5.11b Beëindiging facturatie Maatwerkvoorziening
Bij beëindiging van een Maatwerkvoorziening ligt het voor de hand om de
opdrachtgever (ISD Bollenstreek/gemeente Katwijk) zo snel mogelijk op de
hoogte te stellen van de beëindiging. Een termijn van uiterlijk 2 werkdagen
lijkt ons redelijk. Een termijn van 2 weken vinden wij niet acceptabel.
Indicatieduur
Bepaling 2.6 geeft aan dat de doorlooptijd van de Begeleiding beperkt is en
dat het Besluit daarover een termijn geeft. Het is aan de opdrachtgever (ISD
Bollenstreek/gemeente Katwijk) om op basis van het verrichte onderzoek en
het daaruit voortvloeiende Arrangement een (weloverwogen) Besluit te
nemen, inclusief de termijnstelling voor een eventuele Maatwerkvoorziening
Begeleiding. Opdrachtgever neemt dit Besluit vanuit de verantwoordelijkheid
die de Wmo 2015 bij hem neerlegt, te weten ‘zorg dragen voor de
maatschappelijke ondersteuning, inclusief de kwaliteit en de continuiteit’

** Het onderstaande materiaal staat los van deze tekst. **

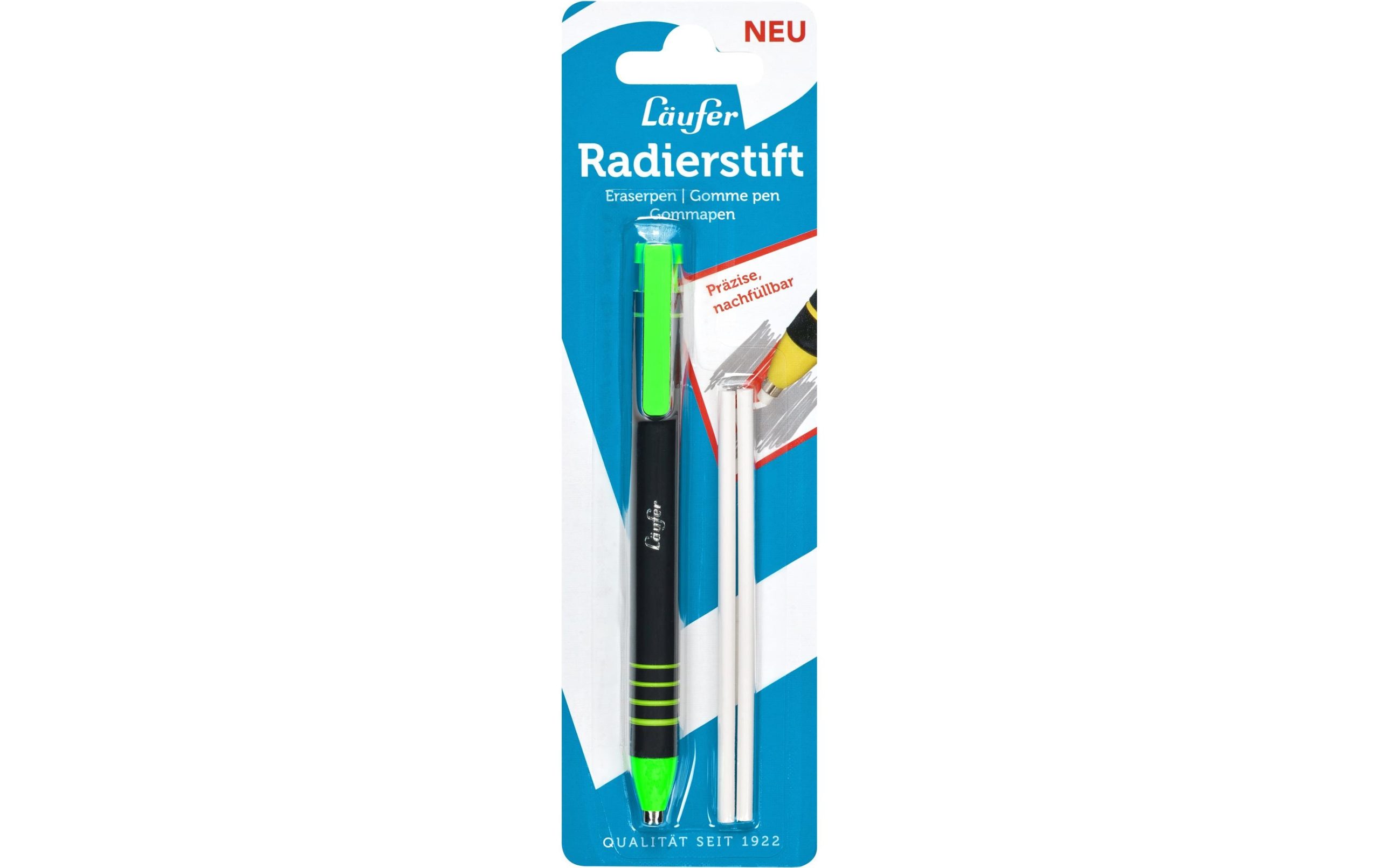 Läufer Radiergummi Grün 3 Läufer Radiergummi Grün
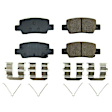 17-2373 Rear Z17 Evolution Plus Ceramic Ceramic Brake Pad Set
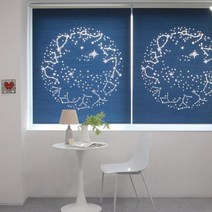 별자리 레이저 암막 롤스크린(125*180cm) 3color 블루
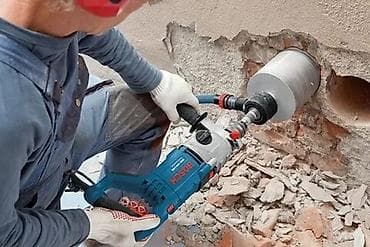 Алмазное сверление, алмазное бурение, сверление отверстий сверление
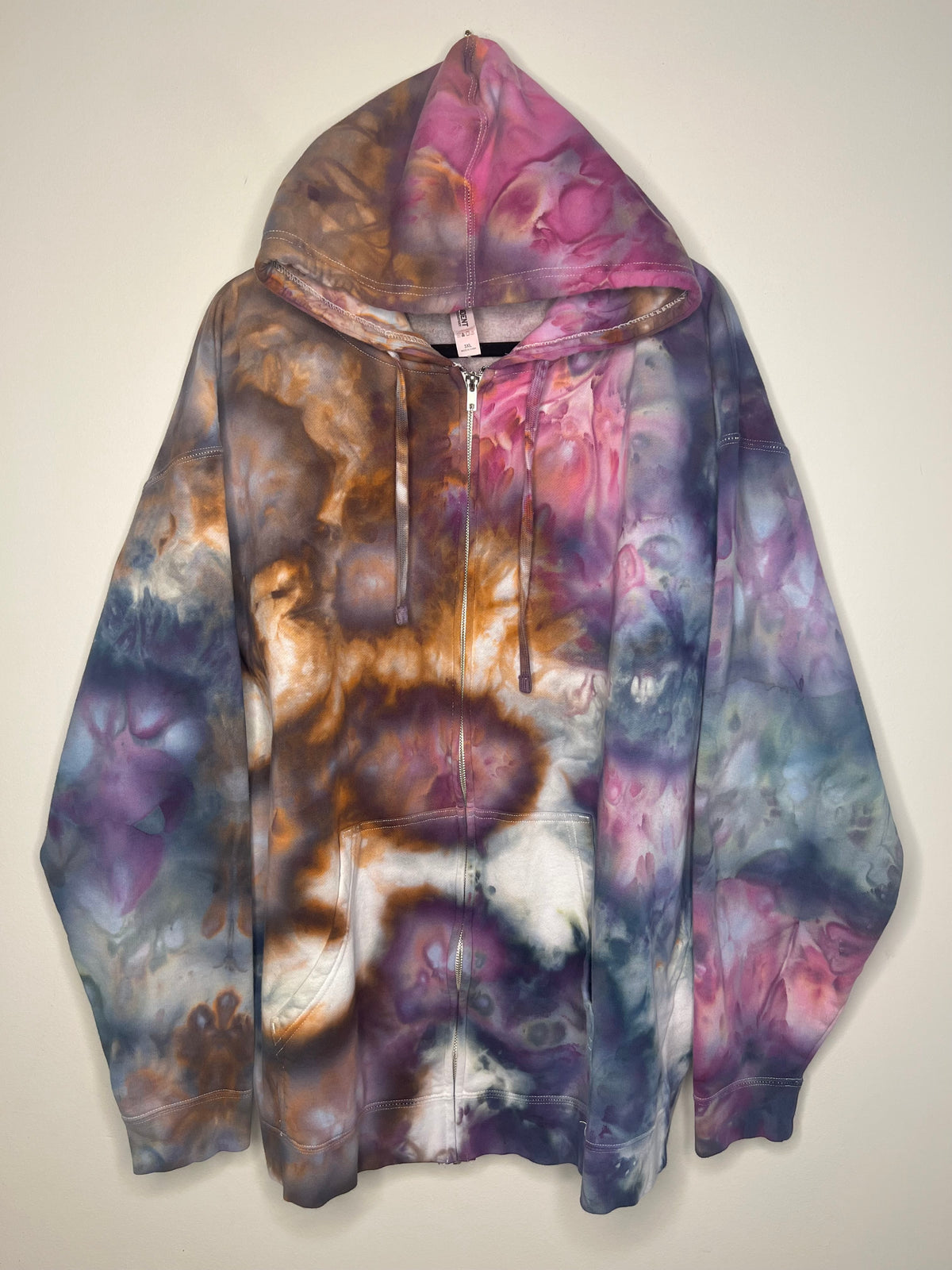 3X - Intergalactic Ice Dyed Zip Hoodie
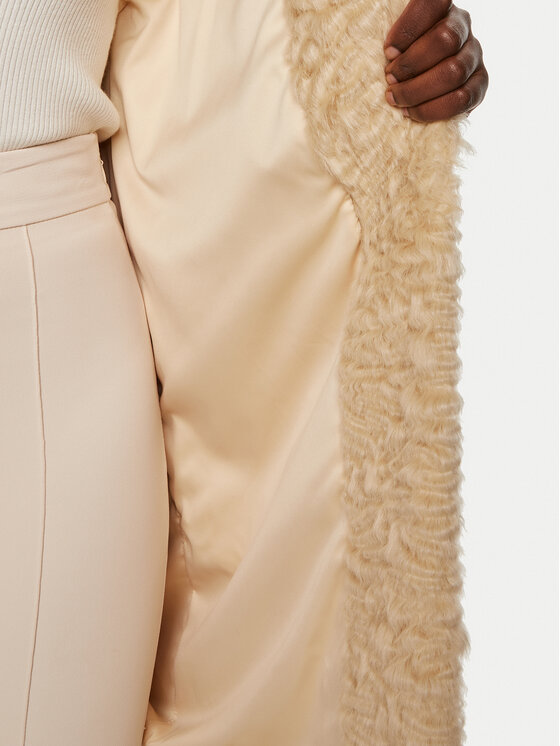TWINSET TWINSET Pelzmantel 242TP2094 Beige Regular Fit
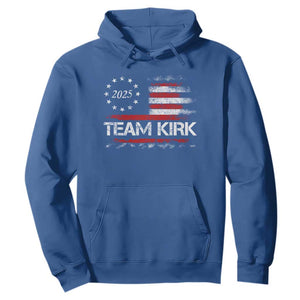 Team Kirk 2025 Hoodie Charlie Kirk Freedom Vintage American Flag TS11 Royal Blue Print Your Wear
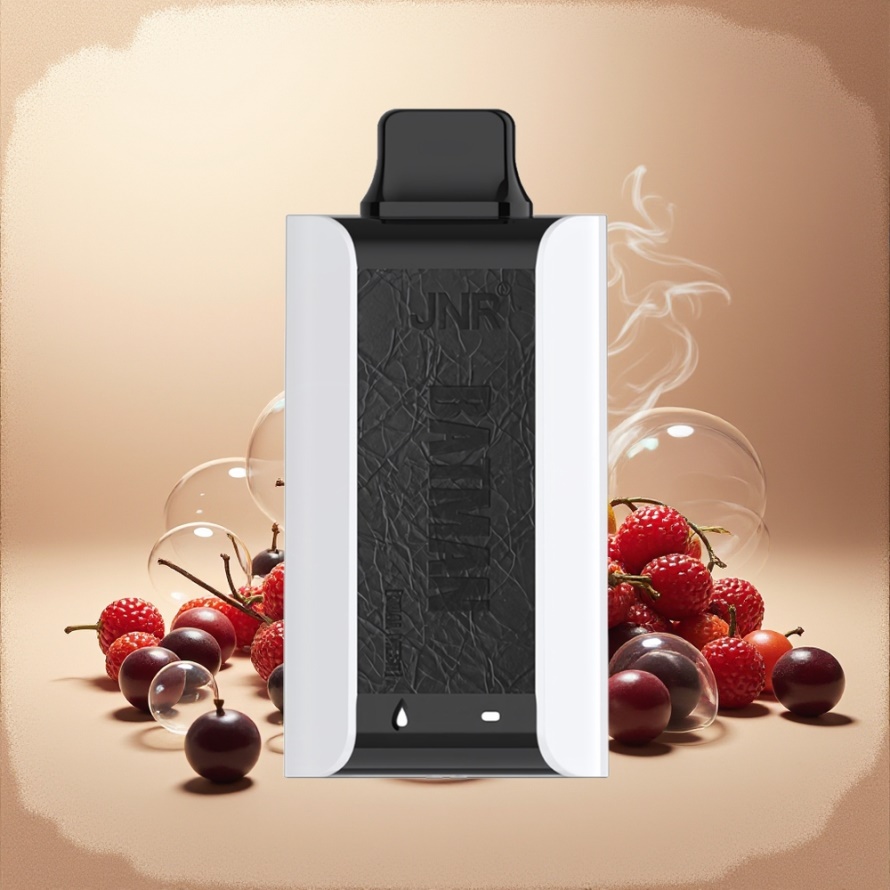 JNR Batman 11000 Puffs Svensk GrossistEngångs Vape Svartvinbär Bär 850mAh 20ml Type-C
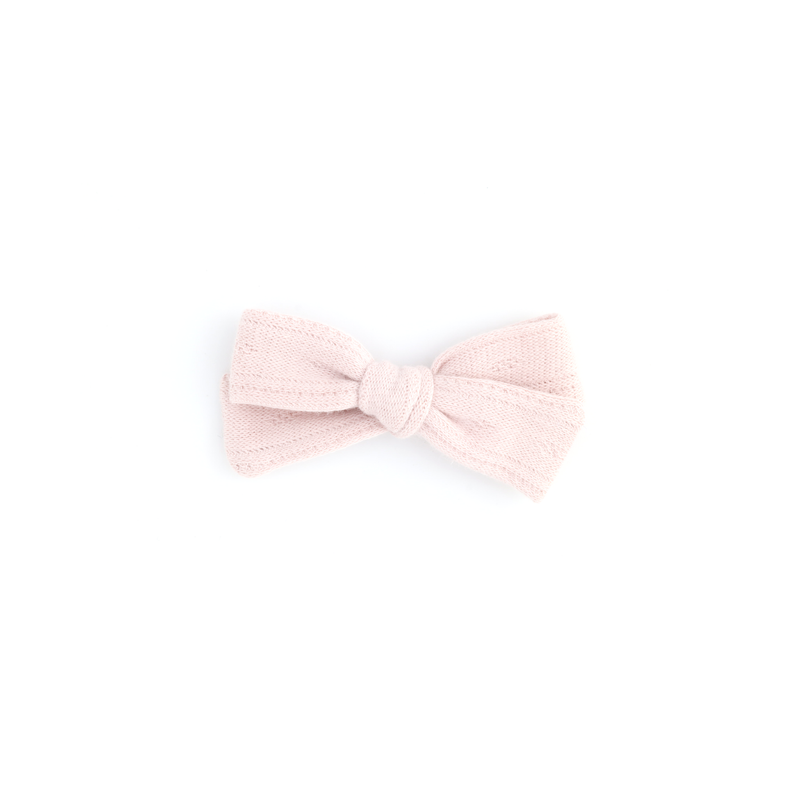 Petite Classic Bow // Cotton Eyelet - Baby Blush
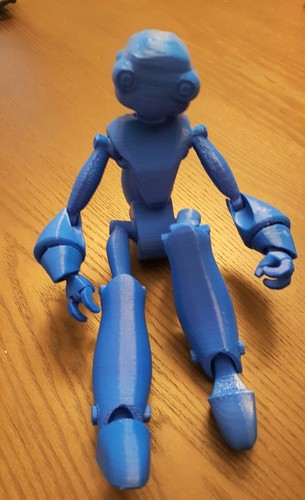 BeQui, Jointed Robot 3D Print 16018 BeQui, Jointed Robot 3D Print 16018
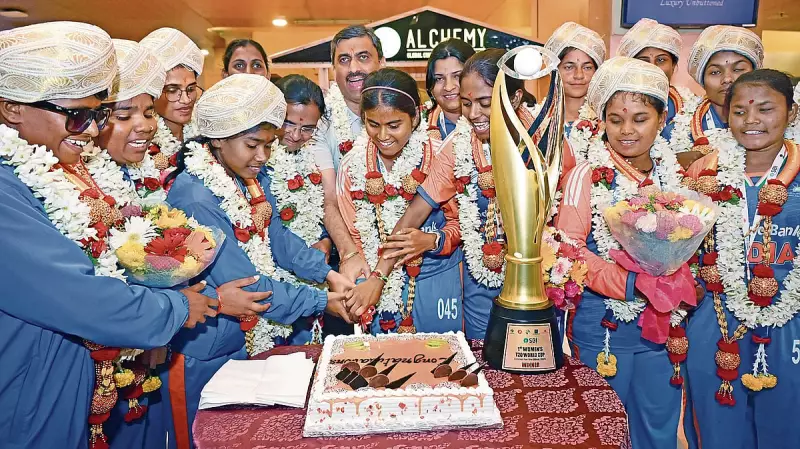 India's Blind Women's Cricket Team Honored with Rs 1.25 Lakh Cash Prize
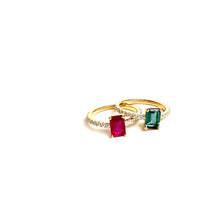 Load image into Gallery viewer, St. Barts ring with ruby and diamonds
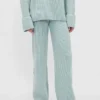 Cashsoft Shaker-Stitch Sweater Pants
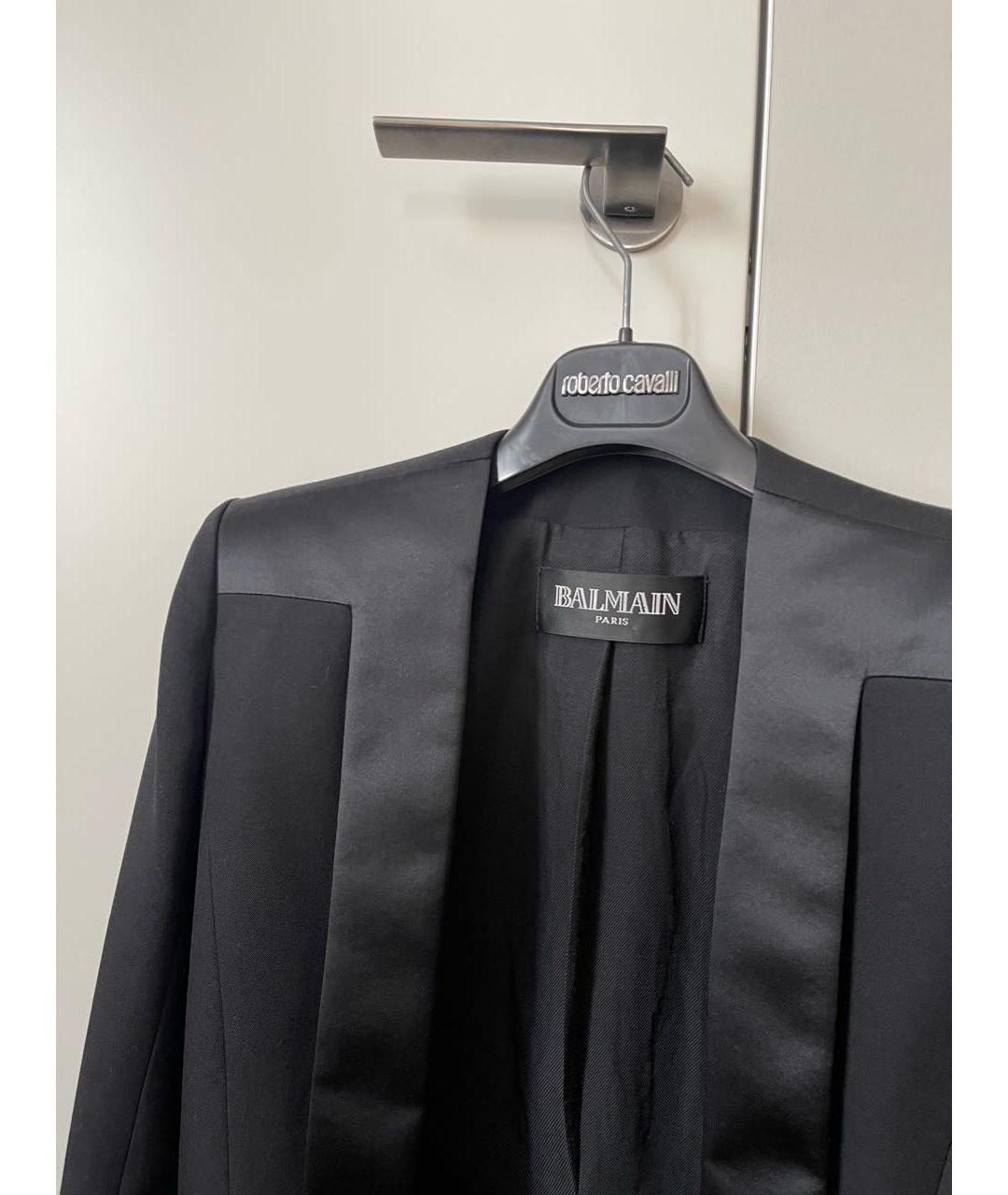 BALMAIN Черный жакет/пиджак, фото 2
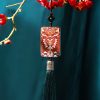Colgante para Coche de Madera de Ébano: Alce del Equilibrio Ebony Wood Elk Deer Balance Car Hanging Decoration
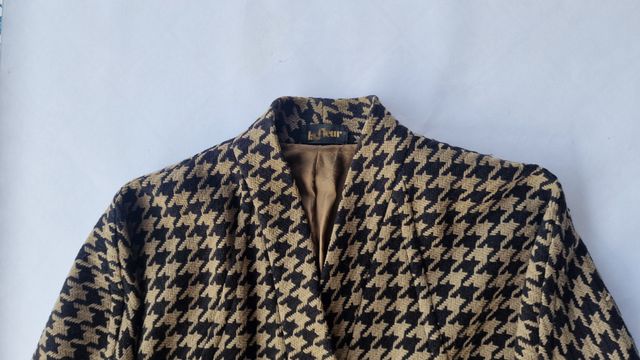 Giacca vintage pied de poule taglia 42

(daarvan)' (artikel 2.1.1 Wmo 2015). Mocht de doorlooptijd volgens
Aanbieder niet correct zijn, dan staat het Aanbieder uiteraard alijd vrij om dit
eventueel kenbaar te maken bij opdrachtgever.
Niet verschijnen klant
In deze verwijzen wij naar bepaling 5.11 onder b. en c. van het nieuwe
concept. Hiermee proberen wij te voorzien in (hopelijk ´incidentele´) gevallen
waarbij klanten eventueel niet aan hun verplichtingen voldoen. Het is zaak om
als Aanbieder en opdrachtgever, via de ‘signaalfunctie’ van de definitieve dan
wel tijdelijke beëindiging van de Maatwerkvoorziening, gezamenlijk in beeld
te hebben wat door de betreffende klant de beste aanpak is. Verlenging van
de doorlooptijd in combinatie met tijdelijke ‘bevriezing’ van de facturatiemogelijkheid zou daarbij een van de opties kunnen zijn. Dit zal dus in onze
ogen ad hoc praktisch en pragmatisch opgelost moeten (kunnen) worden.